The Pasadena Police Department will soon buy three new automatic license plate readers to replace several aging counterparts after the city’s Public Safety Committee approved an $80,000 expenditure for the upgrade.
The move comes despite some opposition from the ACLU, which has been trying to get the city to enact a blanket ban on surveillance technology, which they say includes facial recognition systems and automatic license plate readers.
Police officials have contested using the phrase “surveillance technology” to describe these systems, because they say the tech isn’t being used to track individuals or build profiles on them; it’s meant only as an investigative aid.
Speaking to the commission on Wednesday, Sept. 16, Commander Jason Clawson equated the automatic license plate readers to work he could do “walking down any street in Pasadena, and physically writing down a license plate and car description in my notebook, and just doing it all day long,” he said.
“And if we ever need to find out a certain type of make/model of a car, or get a partial license plate, I can go back through my notebooks — but that’s preposterous for me to do all that work when a system’s in place to do it in seconds.”
The system doesn’t collect any biometric data, Clawson said. It takes pictures of every car and license plate it sees and compares them against a database of stolen vehicles and wanted persons. The data is stored for two years, he said, allowing officers to search for vehicle descriptions and full or partial license plates to see if a suspect’s vehicle has been seen anywhere over the past 24 months.
While the device has a function to share the data with Immigration and Customs Enforcement, better known as ICE, Clawson said the Pasadena Police Department would not use it — though it would share data with other police agencies, as they share data with Pasadena.
The American Civil Liberties Union has been opposed to law enforcement agencies sharing license plate data with ICE, saying it “fuels ICE’s deportation machine” in a blog post.
While a representative from the ACLU did not immediately return a request for comment, the group has been lobbying Pasadena to eliminate what they call surveillance technology for months now, though the city’s elected officials don’t seem to have much of an appetite for the move.
In late July, ACLU spokesman Don Weaver cast doubt over Pasadena’s existing license plate reader program, noting the city hadn’t audited its system despite policies that demand it happen regularly.
It’s something Police Chief John Perez acknowledged in an interview with this newsgroup at the time, saying, “There’s probably not a formal system that does an audit.”
But this week, Clawson told the committee he had just reviewed an audit report from June.
When asked about the report in an interview on Thursday, Clawson said monthly audit reports have been created every month since February.
When asked about the apparent contradiction between his statements and the chief’s, Clawson said, “It’s not like a third party coming in and doing a deep dive of system information. … There’s two types of audits: One is a desk audit and one is a big forensic audit.”
A desk audit, as Clawson put it, means taking a look at the report and seeing if anything is out of place.
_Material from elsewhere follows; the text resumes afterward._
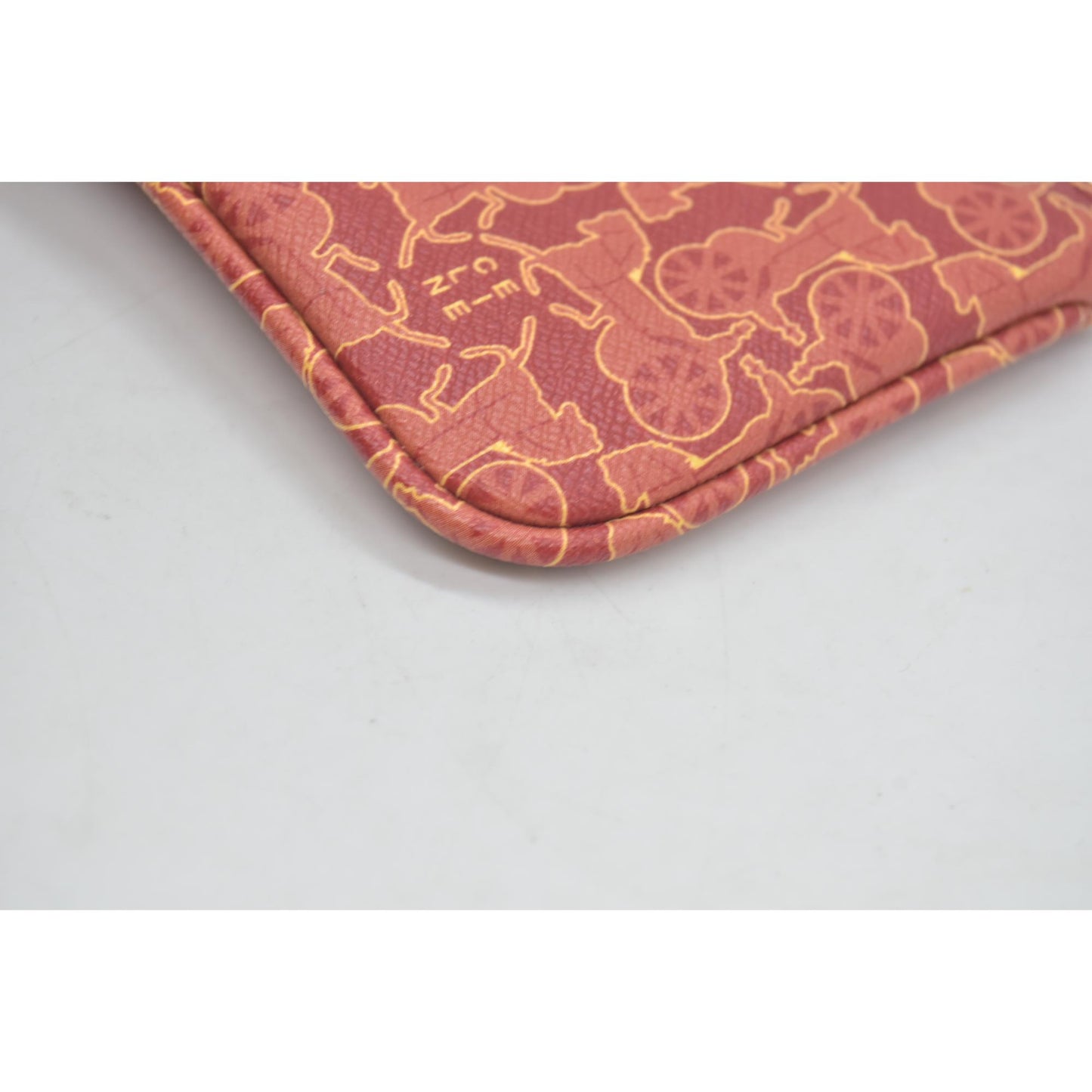 Celine Vintage Le Horse Carriage Key Chain Wallet CONSIGNMENT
A forensic audit would involve drilling down and checking the validity of every single entry, a significantly more cumbersome process.
Clawson was confident their protocols were strong enough to hold officers accountable.
While the department has 16 license plate readers on different police cruisers, the officers who collect the data and those who can access it often fall into different categories, Clawson said.
That said, if an officer has the reader attached to his car, it could flag a stolen vehicle immediately in the moment.
To use the system to do a search, officers first have to login with a unique ID, then they have to fill out specific categories: They need to input the case number “or a reason for the search,” Clawson said.
Furthermore, most officers in the department don’t have access to the license plate searches, he said. When asked how many, he couldn’t say for sure, but guessed it was “at least two dozen detectives.”
He continued: “If you’re not doing an investigation, there would be no need for you to have access. … If someone’s not following protocols, we can hold them accountable. They can lose their privileges, depending on what the violation is.”
To his knowledge, no officers have ever been found in violation of the policy around these readers.
Still, residents like Sonja Berndt have some concerns.
She questioned why the data was being stored for so long if it wasn’t getting used to build profiles on innocent individuals. She saw a potential for misuse here, before further arguing to discontinue using the readers “because there are substantial concerns that they will be used inappropriately in areas of our city that already have been subject to decades of overpolicing.”
Clawson pushed back, both about the automatic license plate readers and facial recognition technology, as the two have historically been lumped together by critics.
“They think it’s surveillance, but it’s not,” he said, explaining that businesses are using facial recognition to allow shoppers to more easily pay for purchases. Everybody wants to use the technology, “but activists don’t want police to use it. So where do we find the balance? We’re all in support of trying to help people, but we’re also in support of solving crimes. We’re not just spying people to spy on people.”
Police spokesman Lt. Bill Grisafe had a similar message: “Don’t leave us in the stone age when everyone else is advancing out of it,” he said in an interview.
After this purchase, out of its 16 automatic license plate readers, the Pasadena Police Department still has another eight aging units to replace over the next three to four years, a staff report says.